● WHAT YOU WILL DO: Begin with the line that has "Dental MandibularTeeth Demonstration". Give it and every line after it again, exactly, through the end of the entries below.
EXERCISE MATERIAL START
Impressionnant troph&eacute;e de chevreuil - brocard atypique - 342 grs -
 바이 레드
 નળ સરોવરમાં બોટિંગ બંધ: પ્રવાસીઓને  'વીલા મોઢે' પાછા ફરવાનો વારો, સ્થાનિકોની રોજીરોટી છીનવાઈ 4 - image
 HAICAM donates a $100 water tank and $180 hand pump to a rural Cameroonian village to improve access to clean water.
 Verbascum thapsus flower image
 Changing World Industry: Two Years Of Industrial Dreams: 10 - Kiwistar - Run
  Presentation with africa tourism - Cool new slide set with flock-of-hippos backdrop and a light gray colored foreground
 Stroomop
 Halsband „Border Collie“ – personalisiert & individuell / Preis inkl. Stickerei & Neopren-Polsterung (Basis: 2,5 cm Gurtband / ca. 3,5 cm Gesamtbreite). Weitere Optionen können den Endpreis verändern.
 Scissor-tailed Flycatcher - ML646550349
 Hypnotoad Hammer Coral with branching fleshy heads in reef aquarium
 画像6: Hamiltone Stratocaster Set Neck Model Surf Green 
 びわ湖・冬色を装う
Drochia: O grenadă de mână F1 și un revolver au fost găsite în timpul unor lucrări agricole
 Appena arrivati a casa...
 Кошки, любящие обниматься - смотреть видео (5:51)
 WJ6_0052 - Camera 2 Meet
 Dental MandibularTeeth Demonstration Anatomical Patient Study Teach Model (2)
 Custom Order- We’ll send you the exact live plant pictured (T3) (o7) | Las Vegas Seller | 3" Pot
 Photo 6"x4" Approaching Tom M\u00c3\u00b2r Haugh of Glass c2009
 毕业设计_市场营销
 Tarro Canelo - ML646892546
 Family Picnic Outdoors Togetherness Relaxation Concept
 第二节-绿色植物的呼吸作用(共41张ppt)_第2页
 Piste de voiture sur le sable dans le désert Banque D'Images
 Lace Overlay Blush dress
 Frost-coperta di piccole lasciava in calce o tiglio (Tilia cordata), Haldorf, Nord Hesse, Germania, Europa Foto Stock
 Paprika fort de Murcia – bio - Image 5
EXERCISE MATERIAL END
● SOLUTION TO THE PROBLEM:
 Dental MandibularTeeth Demonstration Anatomical Patient Study Teach Model (2)
 Custom Order- We’ll send you the exact live plant pictured (T3) (o7) | Las Vegas Seller | 3" Pot
 Photo 6"x4" Approaching Tom M\u00c3\u00b2r Haugh of Glass c2009
 毕业设计_市场营销
 Tarro Canelo - ML646892546
 Family Picnic Outdoors Togetherness Relaxation Concept
 第二节-绿色植物的呼吸作用(共41张ppt)_第2页
 Piste de voiture sur le sable dans le désert Banque D'Images
 Lace Overlay Blush dress
 Frost-coperta di piccole lasciava in calce o tiglio (Tilia cordata), Haldorf, Nord Hesse, Germania, Europa Foto Stock
 Paprika fort de Murcia – bio - Image 5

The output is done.